Folha de São Paulo, Saúde, domingo, 24 de outubro de
2010
ENTREVISTA /CARL ELLIOT
"Indústria farmacêutica tem controle total sobre pesquisas"
Interesses de laboratórios comandam quase tudo
na saúde, afirma Carl Elliot, professor de bioética na Universidade de Minnesota
e autor de livro sobre o lado negro da medicina
Caleb Parker
CLÁUDIA COLLUCCI, DE SÃO PAULO
Em 1989, Len iniciou residência médica em
psiquiatria, após terminar a faculdade em Harvard. Trazia no currículo
excelentes notas. Mas Len era uma farsa. Nunca esteve em Harvard. Era
funcionário de um laboratório. A história, real, parece conto infantil perto de
outras que surgem nas 224 páginas de "White Coat, Black Hat -Adventures on the
Dark Side of Medicine" (jaleco branco, chapéu preto: aventuras no lado negro da
medicina), do médico Carl Elliot, professor de bioética e filosofia na
Universidade de Minnesota. Uso de "cobaias humanas" em estudos científicos
obscuros, médicos sendo "porta-vozes" da indústria farmacêutica em troca de
altas somas, doutores influentes que assinam artigos de escritores-fantasmas. A
lista de falcatruas parece não ter fim. Elliot, 49, um dos principais nomes da
bioética nos EUA, não promete imparcialidade na sua obra. "Meu interesse é no
que tem de errado. Construímos um sistema médico em que o ato de enganar não é
apenas tolerado, mas recompensado", afirmou à Folha o
autor de outros seis livros na área. Nos últimos cinco anos, uma série de obras
vem revelando que a indústria farmacêutica escapou a todo controle. Tem
influência quase ilimitada sobre a educação, a pesquisa e os médicos. Pergunto a
Elliot se os laboratórios não têm nada de bom, se são tão sombrios assim como
ele pinta no livro. Ele não titubeia: "Sombrios? Deixei de fora os trechos mais
desmoralizantes." A seguir, trechos da entrevista dada à Folha,
por e-mail.
***
Folha – A imagem heroica da indústria, associada a drogas como a penicilina e
insulina, parece ter ruído após tanto escândalos e poucas descobertas. A glória
acabou?
Carl Elliot –
A penicilina não foi desenvolvida por uma indústria. Alexander Fleming a
desenvolveu no St. Mary s Hospital, em Londres. E o trabalho crucial para a
insulina foi feito na Universidade de Toronto. O problema hoje é que temos um
sistema de desenvolvimento de drogas orientado para o mercado e não para as
coisas que as pessoas doentes precisam.
Você relata várias monstruosidades cometidas em ensaios clínicos. Isso ainda
ocorre com frequência?
A
maioria dos medicamentos ainda é testada em pessoas pobres, especialmente nos
estágios iniciais. Muitas pessoas não iriam se voluntariar para tomar remédios
não testados, durante três semanas, sem receber pagamento. Esses voluntários são
pessoas que precisam desesperadamente de dinheiro.
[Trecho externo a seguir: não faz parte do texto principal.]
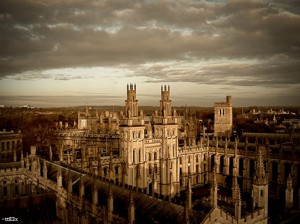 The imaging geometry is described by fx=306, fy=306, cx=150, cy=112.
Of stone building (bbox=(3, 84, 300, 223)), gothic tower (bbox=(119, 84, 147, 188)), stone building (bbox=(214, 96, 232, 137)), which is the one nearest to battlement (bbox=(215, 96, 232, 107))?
stone building (bbox=(214, 96, 232, 137))

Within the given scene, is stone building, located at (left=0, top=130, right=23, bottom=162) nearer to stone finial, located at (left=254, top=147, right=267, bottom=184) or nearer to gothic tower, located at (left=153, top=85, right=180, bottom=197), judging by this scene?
gothic tower, located at (left=153, top=85, right=180, bottom=197)

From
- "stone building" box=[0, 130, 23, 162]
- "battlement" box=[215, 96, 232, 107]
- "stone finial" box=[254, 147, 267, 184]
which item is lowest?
"stone building" box=[0, 130, 23, 162]

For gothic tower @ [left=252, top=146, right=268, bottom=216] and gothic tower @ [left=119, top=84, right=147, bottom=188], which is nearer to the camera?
gothic tower @ [left=252, top=146, right=268, bottom=216]

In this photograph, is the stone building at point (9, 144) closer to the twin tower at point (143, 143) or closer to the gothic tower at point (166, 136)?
the twin tower at point (143, 143)

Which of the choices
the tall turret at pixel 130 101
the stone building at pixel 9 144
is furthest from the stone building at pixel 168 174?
the stone building at pixel 9 144

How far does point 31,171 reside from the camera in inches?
1283

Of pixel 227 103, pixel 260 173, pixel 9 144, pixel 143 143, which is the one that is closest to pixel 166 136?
pixel 143 143

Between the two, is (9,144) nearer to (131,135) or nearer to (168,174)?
(131,135)

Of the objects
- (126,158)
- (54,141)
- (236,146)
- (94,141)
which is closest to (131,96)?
(126,158)

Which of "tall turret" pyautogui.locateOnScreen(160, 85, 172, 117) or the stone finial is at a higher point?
"tall turret" pyautogui.locateOnScreen(160, 85, 172, 117)

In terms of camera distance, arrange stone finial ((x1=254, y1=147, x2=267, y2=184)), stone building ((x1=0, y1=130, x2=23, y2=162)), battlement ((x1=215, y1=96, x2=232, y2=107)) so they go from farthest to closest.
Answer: battlement ((x1=215, y1=96, x2=232, y2=107)) → stone building ((x1=0, y1=130, x2=23, y2=162)) → stone finial ((x1=254, y1=147, x2=267, y2=184))

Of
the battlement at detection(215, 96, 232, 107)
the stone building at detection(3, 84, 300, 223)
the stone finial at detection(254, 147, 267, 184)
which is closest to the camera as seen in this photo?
the stone building at detection(3, 84, 300, 223)

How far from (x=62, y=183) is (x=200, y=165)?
25077 mm

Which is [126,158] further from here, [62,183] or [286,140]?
[286,140] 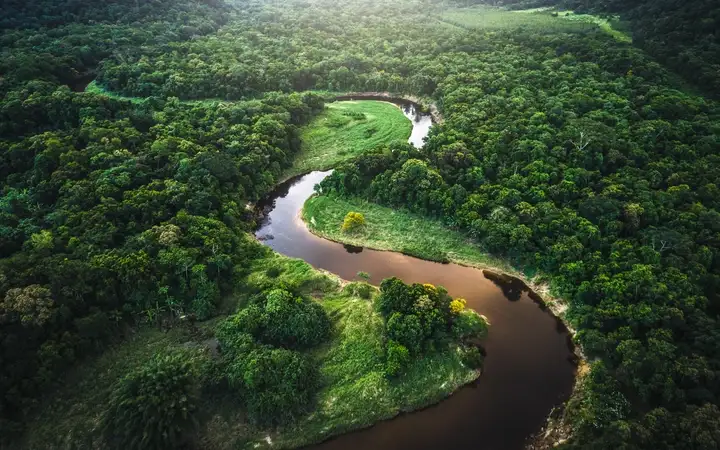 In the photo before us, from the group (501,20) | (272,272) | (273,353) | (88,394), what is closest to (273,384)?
(273,353)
Qual o futuro do relacionamento entre a indústria farmacêutica e os médicos?
A
solução que vem sendo instituída aqui, nos EUA, é a transparência. Médicos podem
aceitar todo dinheiro que quiserem, desde que não escondam isso. Mas meu palpite
é que isso vai normalizar a prática. Não parece haver vergonha em tirar dinheiro
do setor. Na verdade, ser escolhido para ser "líder" entre os médicos, pago pelo
setor, é visto como uma honra.
Então, transparência também não resolve?
Transparência importa, mas não é a solução. Propina é propina, mesmo se é
recebida a céu aberto. A solução é eliminar os pagamentos, tal como fizemos com
os juízes, jornalistas e policiais.
Médicos dizem ser impossível fazer estudos ou congressos sem a indústria.
Verdade?
Não
é verdade. Eventos médicos podem ser feitos sem dinheiro da indústria. Ensaios
clínicos já são mais complicados. O problema é que a indústria tem controle
total sobre as pesquisas. Ela enterra os resultados negativos a fim de tornar as
drogas melhores do que são. Isso não é ciência, é marketing.
É
possível que médicos aceitem brindes da indústria e continuem independentes?
Médicos nunca pensam que são influenciados por dinheiro ou presentes. Mas temos
20 anos de dados mostrando que eles são, sim.
A
única solução seria cortar todas as relações entre médicos e laboratórios?
Há
colaborações aceitáveis. Mas se um médico é pago só para ler um conjunto de
informações da indústria ou permitir que seu nome seja adicionado a um artigo
escrito por fantasmas, esse tipo de pagamento tem que ser eliminado. Conversei
com um representante de laboratório que construiu uma piscina para um médico só
para levá-lo a prescrever mais receitas. Como alguém justifica isso?